**What the task asks**
Type out each record word for word. Pictures stay out.

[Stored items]
· · ·

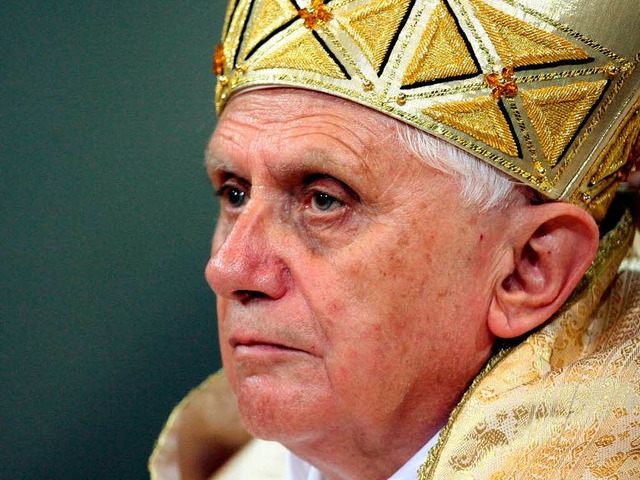 Hat die Leitungsvollmacht: Papst Benedikt XVI.   | Foto: dpa
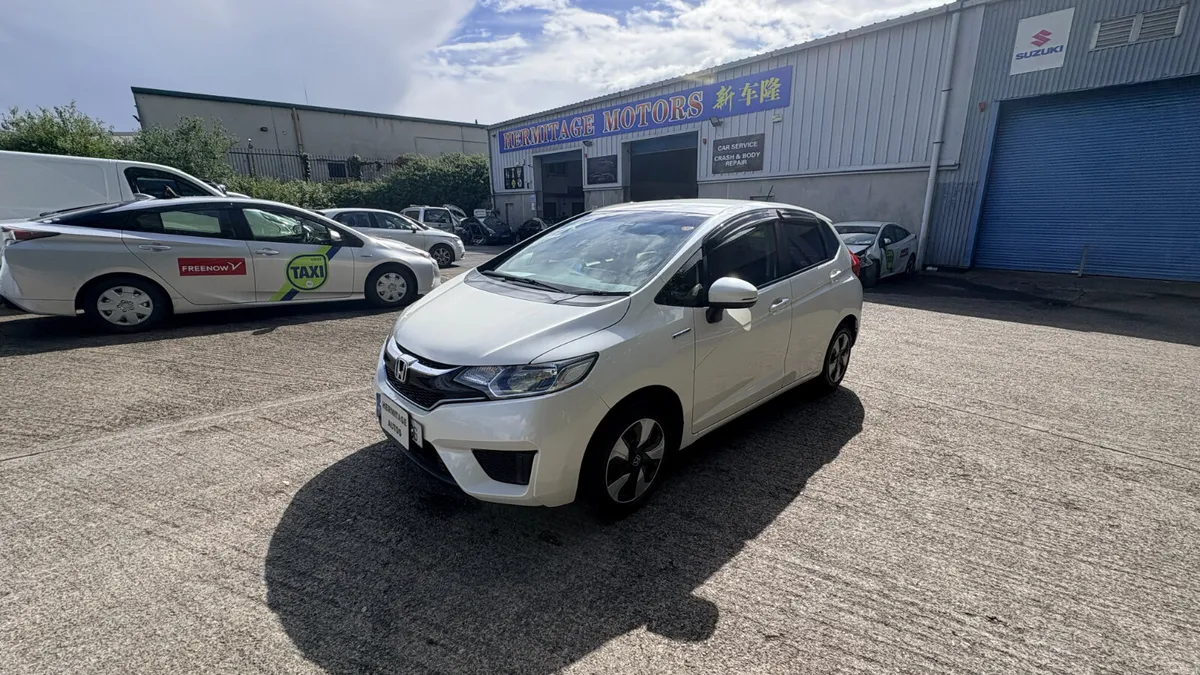 Honda Fit 1.5 Hybrid Petrol 2017 - Image 3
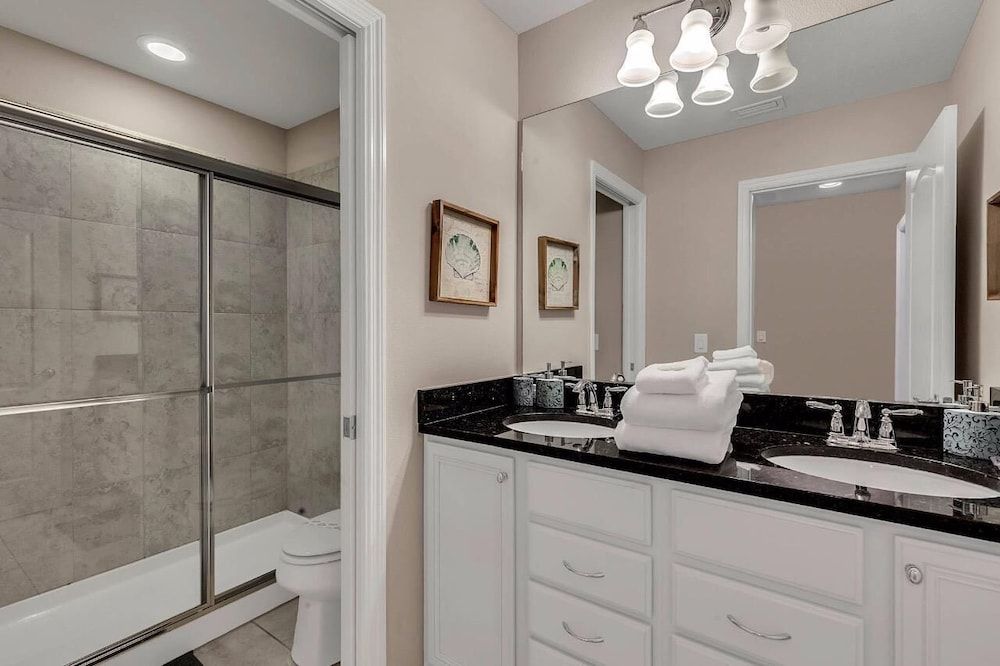 Luxurious Vacation Home With Private Pool!!! House (Luxurious vacation home with private ) 15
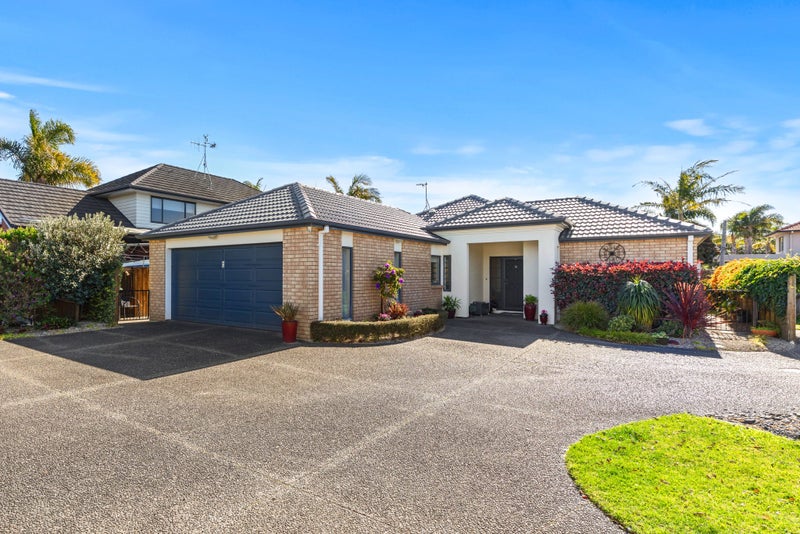 21 Kahira Crescent, Papamoa Beach, Papamoa - Carousel 1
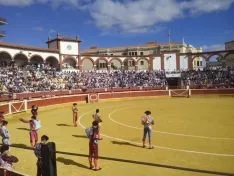 Foto 13 - Padilla sale por la puerta grande tras cortar una oreja a cada uno de su lote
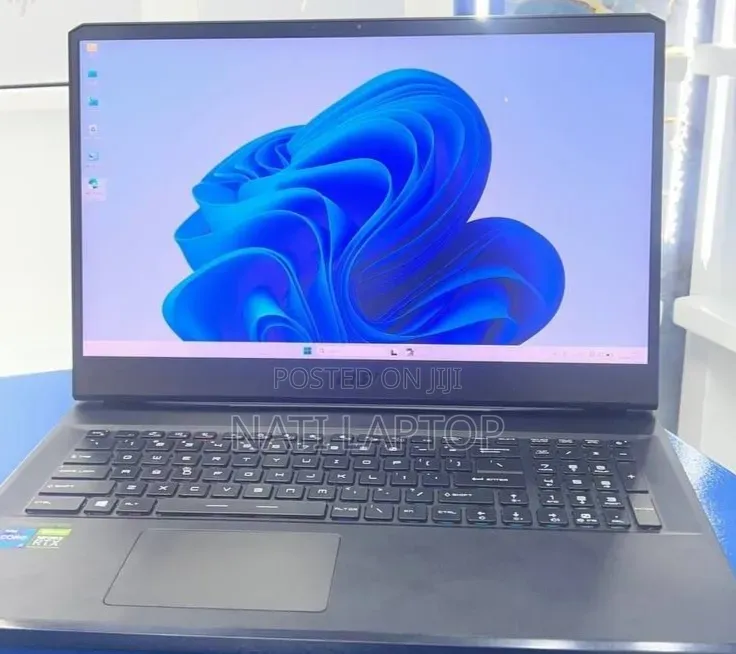New Laptop MSI 16GB Intel Core i7 SSD 512GB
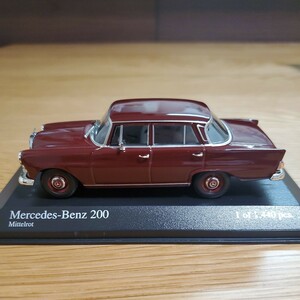 1/43 ミニチャンプス MINICHAMPS ミニカー/Mercedes-Benz 200 1965 Mittelrot/メルセデス ベンツ 200 ダークレッド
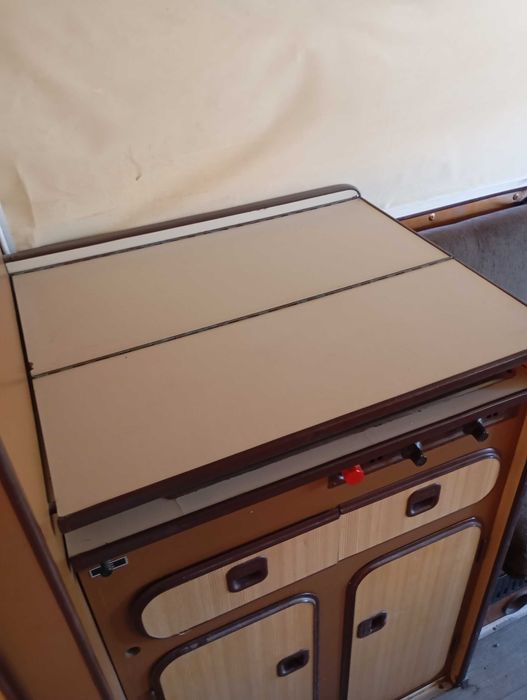 Autocaravana Mercedes 207 D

· · ·

**Final answer**
 Hat die Leitungsvollmacht: Papst Benedikt XVI.   | Foto: dpa
 Honda Fit 1.5 Hybrid Petrol 2017 - Image 3
 Luxurious Vacation Home With Private Pool!!! House (Luxurious vacation home with private ) 15
 21 Kahira Crescent, Papamoa Beach, Papamoa - Carousel 1
 Foto 13 - Padilla sale por la puerta grande tras cortar una oreja a cada uno de su lote
New Laptop MSI 16GB Intel Core i7 SSD 512GB
 1/43 ミニチャンプス MINICHAMPS ミニカー/Mercedes-Benz 200 1965 Mittelrot/メルセデス ベンツ 200 ダークレッド
 Autocaravana Mercedes 207 D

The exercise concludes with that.